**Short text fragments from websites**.
********************

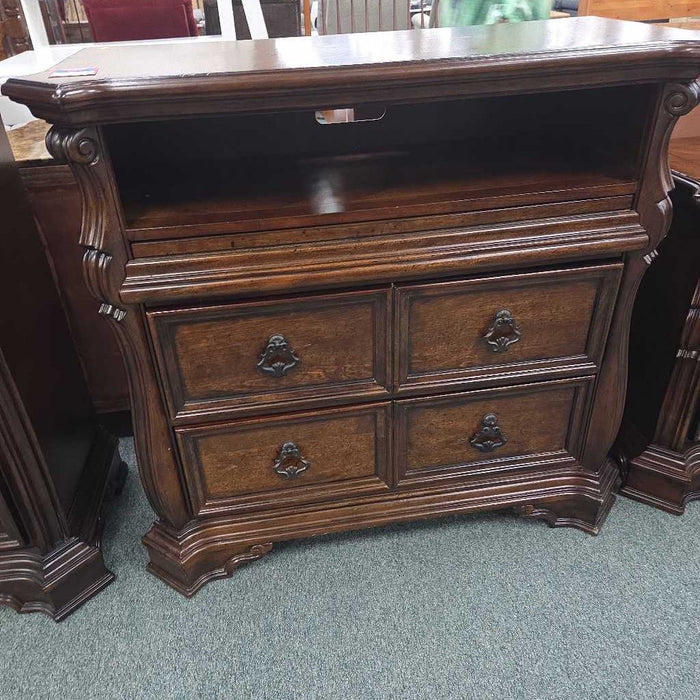 DRESSER ALK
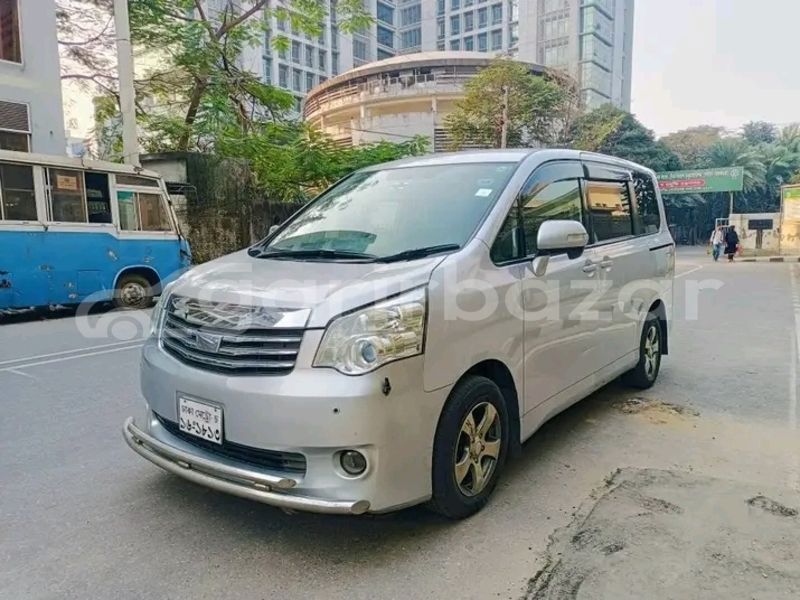 Big with watermark toyota noah hybrid dhaka dhaka 48107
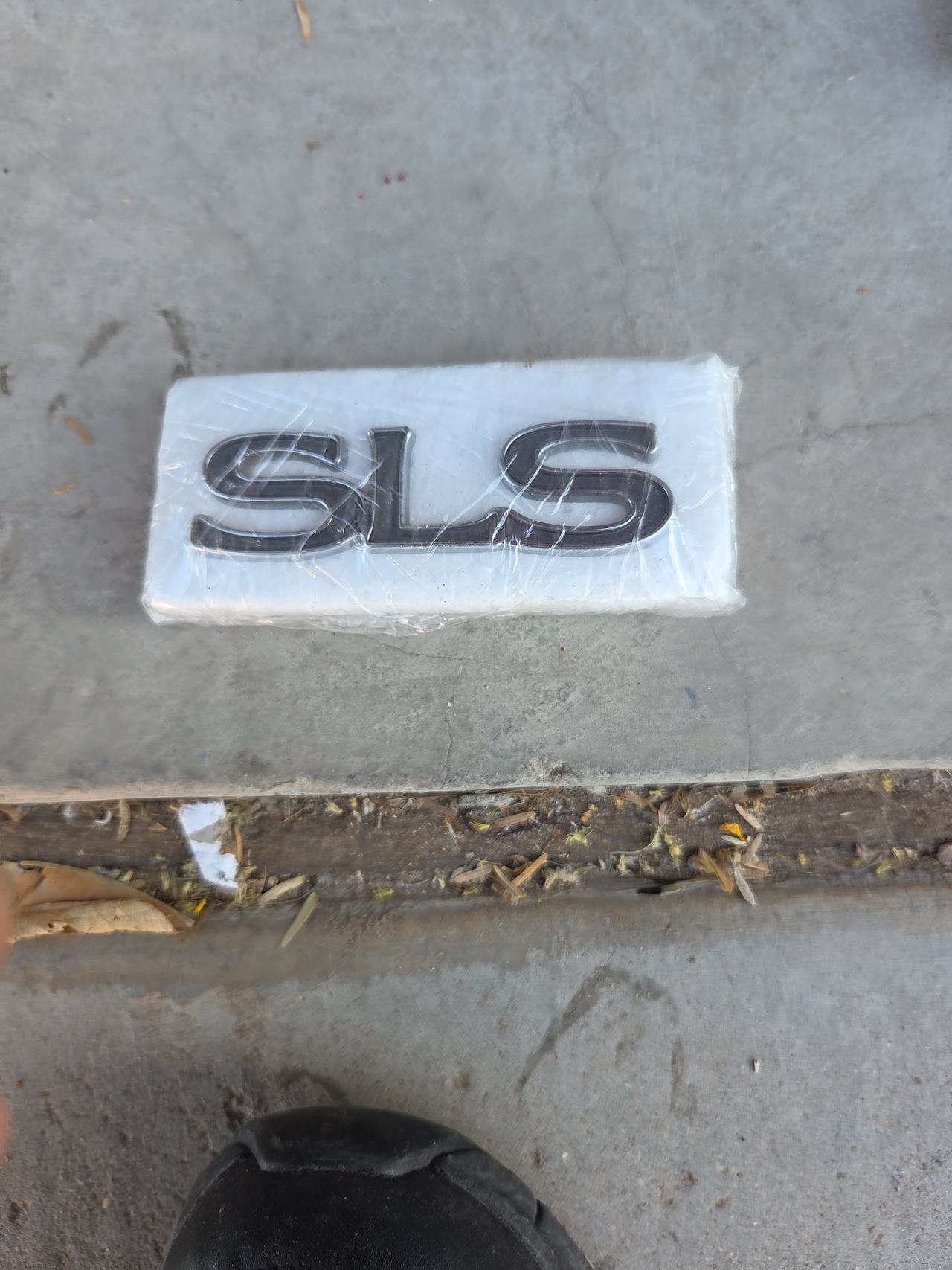 Cadillac Seville SLS Trunk Emblem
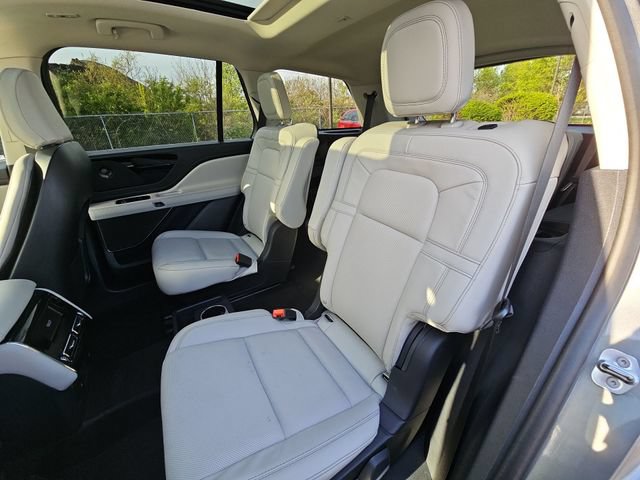 Used 2025 Lincoln Aviator Reserve w/ Illumination Package AWD/4WD image 27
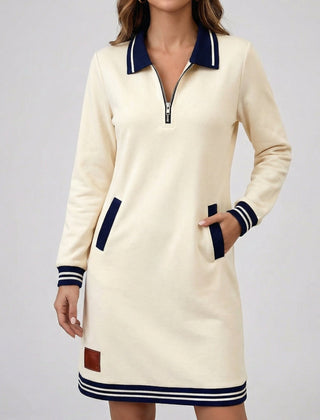Vestito corto crema con colletto blu, zip e tasche profilate a contrasto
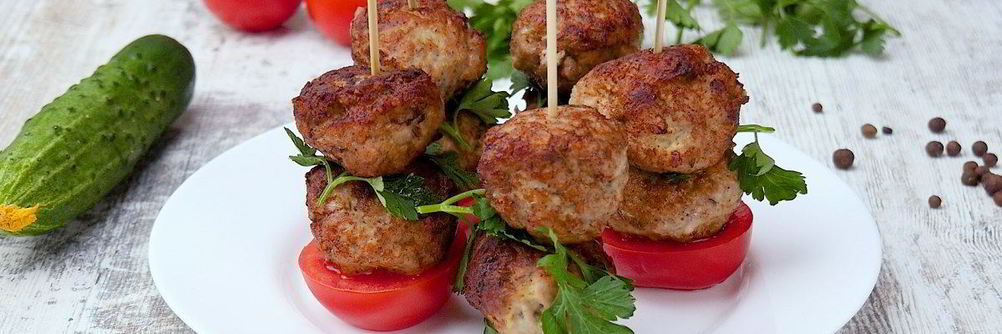 Тефтельки на шпажках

********************

**Task**. Print the entries again exactly as they appear above. Do not print the pictures.

**Answer space**.
 DRESSER ALK
 Big with watermark toyota noah hybrid dhaka dhaka 48107
 Cadillac Seville SLS Trunk Emblem
 Used 2025 Lincoln Aviator Reserve w/ Illumination Package AWD/4WD image 27
Vestito corto crema con colletto blu, zip e tasche profilate a contrasto
 Тефтельки на шпажках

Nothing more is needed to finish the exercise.